A supplier delivers 25 parts in a factory. The supplier knows that 3 of the delivered items are defective. As always, the factory check the quality. In the end, 2 of the 25 components are randomly selected and thoroughly checked. The rule is that the goods will be refused if both examined goods don't meet the requirements. Calculate the probability that the supplier will be accepted?
Do i have to work with combination and Laplace?
for a part ... p(defective) = 3/25 = .12 ... p(not defective) = 1 - .12 = .88
this is a binary probability ... defective (d) or not defective (n)
(d + n)^2 = d^2 + 2 n d + n^2
p(both defective) = .12^2
It will be accepted
if both are good, OR one is good, and one is bad
= C(2,0)(.88)^2 + C(2,1)(.12)(.88)
= .7744 + .2112 = .9856
R_scott had:
p(both defective) = .12^2 = .0144
so prob(accepted) = 1- .0144 = .9856 , the same as my answer.
To calculate the probability that the supplier will be accepted, we need to determine the probability that both examined goods meet the requirements.
First, let's calculate the probability that the first examined good meets the requirements.
Out of the 25 delivered items, 3 are defective.

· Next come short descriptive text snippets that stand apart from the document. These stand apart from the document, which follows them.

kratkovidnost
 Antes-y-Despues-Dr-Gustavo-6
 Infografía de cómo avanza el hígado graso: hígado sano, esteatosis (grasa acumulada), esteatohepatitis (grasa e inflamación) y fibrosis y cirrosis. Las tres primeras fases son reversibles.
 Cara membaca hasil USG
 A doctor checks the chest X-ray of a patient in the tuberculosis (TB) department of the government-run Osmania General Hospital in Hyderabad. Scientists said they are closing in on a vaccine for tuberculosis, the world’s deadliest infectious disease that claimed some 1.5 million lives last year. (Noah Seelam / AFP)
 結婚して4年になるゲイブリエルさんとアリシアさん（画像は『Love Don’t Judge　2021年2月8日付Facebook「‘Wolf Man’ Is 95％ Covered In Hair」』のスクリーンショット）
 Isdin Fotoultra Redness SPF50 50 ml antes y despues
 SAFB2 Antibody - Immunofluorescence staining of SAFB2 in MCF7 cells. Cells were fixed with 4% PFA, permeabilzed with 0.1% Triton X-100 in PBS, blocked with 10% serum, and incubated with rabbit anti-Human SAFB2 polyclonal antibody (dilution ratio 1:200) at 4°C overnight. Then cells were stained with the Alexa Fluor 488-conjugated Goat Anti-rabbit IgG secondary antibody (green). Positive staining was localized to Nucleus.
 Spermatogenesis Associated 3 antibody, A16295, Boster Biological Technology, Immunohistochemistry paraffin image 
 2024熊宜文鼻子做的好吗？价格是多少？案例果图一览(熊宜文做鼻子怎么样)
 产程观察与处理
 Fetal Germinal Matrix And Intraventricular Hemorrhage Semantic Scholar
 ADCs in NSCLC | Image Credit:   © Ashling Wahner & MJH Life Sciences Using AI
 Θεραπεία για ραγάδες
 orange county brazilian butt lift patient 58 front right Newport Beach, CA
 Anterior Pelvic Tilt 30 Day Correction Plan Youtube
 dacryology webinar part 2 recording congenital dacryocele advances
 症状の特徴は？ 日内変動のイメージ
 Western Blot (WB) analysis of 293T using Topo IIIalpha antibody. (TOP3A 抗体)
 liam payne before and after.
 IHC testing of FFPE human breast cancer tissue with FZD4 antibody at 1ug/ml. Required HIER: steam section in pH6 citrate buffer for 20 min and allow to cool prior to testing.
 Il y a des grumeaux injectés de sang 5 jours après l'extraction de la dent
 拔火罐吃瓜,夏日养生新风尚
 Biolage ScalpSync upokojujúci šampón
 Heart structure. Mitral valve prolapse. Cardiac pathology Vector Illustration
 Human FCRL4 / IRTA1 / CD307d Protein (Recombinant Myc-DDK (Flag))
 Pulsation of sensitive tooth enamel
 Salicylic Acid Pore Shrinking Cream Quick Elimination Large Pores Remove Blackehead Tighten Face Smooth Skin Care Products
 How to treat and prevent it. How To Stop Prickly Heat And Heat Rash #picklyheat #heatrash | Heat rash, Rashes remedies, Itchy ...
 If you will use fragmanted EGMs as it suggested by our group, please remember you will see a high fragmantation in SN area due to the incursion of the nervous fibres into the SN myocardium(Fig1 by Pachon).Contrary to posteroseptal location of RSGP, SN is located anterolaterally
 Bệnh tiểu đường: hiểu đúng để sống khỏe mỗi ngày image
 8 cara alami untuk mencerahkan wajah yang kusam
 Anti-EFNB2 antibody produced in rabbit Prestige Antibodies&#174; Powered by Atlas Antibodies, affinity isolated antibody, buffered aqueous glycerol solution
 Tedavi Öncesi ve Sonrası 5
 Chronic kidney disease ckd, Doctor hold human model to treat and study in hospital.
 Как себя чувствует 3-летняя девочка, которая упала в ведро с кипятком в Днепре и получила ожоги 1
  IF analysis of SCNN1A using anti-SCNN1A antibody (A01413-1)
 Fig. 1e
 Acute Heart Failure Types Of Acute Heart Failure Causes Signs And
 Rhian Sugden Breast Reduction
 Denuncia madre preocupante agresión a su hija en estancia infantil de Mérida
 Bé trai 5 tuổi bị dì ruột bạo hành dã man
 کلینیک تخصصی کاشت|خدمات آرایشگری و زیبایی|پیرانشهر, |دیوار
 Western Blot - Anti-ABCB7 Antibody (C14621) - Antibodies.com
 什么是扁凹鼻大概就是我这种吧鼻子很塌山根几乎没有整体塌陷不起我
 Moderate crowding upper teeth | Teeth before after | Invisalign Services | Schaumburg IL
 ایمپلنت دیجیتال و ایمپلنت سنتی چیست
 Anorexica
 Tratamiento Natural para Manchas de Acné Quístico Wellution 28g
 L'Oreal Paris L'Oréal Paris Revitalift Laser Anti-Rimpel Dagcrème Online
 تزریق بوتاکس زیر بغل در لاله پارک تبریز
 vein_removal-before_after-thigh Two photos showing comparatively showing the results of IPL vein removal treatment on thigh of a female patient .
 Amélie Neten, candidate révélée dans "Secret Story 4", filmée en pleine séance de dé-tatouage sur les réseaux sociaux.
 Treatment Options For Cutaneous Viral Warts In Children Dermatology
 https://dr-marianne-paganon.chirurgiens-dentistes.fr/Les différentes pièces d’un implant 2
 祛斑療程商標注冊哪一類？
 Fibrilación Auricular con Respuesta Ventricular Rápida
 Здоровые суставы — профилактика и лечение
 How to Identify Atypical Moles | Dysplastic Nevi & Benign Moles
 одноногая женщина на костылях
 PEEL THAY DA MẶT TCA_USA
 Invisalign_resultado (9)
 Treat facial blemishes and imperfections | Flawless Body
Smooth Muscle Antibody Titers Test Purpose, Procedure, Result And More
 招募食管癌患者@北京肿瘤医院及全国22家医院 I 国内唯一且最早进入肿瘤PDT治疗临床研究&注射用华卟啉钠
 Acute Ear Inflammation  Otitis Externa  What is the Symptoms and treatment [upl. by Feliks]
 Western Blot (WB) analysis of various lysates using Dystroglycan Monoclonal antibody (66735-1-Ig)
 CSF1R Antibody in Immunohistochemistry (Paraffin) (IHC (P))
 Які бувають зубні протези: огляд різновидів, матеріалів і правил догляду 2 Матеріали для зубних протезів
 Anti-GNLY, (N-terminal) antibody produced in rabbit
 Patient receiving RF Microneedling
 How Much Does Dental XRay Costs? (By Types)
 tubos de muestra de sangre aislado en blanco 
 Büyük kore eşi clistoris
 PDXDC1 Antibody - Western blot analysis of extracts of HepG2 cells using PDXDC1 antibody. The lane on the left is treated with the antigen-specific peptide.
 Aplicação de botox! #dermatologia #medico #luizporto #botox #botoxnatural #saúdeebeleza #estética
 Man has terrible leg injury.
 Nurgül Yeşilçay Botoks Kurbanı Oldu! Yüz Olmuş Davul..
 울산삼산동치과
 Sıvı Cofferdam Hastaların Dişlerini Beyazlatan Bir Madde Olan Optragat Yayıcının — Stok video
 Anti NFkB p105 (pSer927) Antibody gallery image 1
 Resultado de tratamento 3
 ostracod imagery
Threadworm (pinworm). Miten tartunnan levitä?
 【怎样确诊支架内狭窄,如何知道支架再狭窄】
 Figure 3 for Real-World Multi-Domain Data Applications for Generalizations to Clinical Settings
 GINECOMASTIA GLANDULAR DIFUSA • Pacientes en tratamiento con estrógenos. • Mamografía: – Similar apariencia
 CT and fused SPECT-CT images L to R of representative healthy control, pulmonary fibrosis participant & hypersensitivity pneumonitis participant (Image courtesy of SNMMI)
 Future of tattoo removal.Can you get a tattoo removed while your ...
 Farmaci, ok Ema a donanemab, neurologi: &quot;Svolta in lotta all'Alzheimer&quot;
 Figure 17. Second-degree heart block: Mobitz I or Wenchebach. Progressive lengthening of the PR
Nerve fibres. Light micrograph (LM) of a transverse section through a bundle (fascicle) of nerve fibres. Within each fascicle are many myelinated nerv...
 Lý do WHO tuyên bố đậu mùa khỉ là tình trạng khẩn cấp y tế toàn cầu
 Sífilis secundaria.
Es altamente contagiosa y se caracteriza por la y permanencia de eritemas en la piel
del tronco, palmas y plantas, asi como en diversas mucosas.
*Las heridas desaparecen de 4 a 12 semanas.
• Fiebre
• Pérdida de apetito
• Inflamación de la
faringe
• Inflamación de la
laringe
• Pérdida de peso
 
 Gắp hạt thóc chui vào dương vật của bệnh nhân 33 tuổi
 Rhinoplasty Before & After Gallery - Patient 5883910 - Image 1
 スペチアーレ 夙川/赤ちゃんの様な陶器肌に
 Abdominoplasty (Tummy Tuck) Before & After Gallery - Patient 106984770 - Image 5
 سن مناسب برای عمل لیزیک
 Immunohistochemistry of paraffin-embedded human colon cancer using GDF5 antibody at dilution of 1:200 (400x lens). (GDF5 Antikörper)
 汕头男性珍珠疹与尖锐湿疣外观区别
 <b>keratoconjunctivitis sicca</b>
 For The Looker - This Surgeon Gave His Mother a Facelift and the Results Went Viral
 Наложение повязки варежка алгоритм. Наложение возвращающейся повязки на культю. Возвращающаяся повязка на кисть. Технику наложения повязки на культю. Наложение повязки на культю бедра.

So, the probability of randomly selecting a non-defective item on the first try is (25 - 3) / 25 = 22 / 25.
Next, let's calculate the probability that the second examined good meets the requirements.
After the first item is examined, there are 24 items left, with 2 defective ones. So, the probability of randomly selecting a non-defective item on the second try is (24 - 2) / 24 = 22 / 24.
To calculate the probability that both examined goods meet the requirements, we multiply the probability of the first examined good meeting the requirements by the probability of the second examined good meeting the requirements:
P(both goods meet requirements) = (22/25) * (22/24)
P(both goods meet requirements) = 0.88 * 0.9167
P(both goods meet requirements) ≈ 0.805
Therefore, the probability that the supplier will be accepted is approximately 0.805, or 80.5%.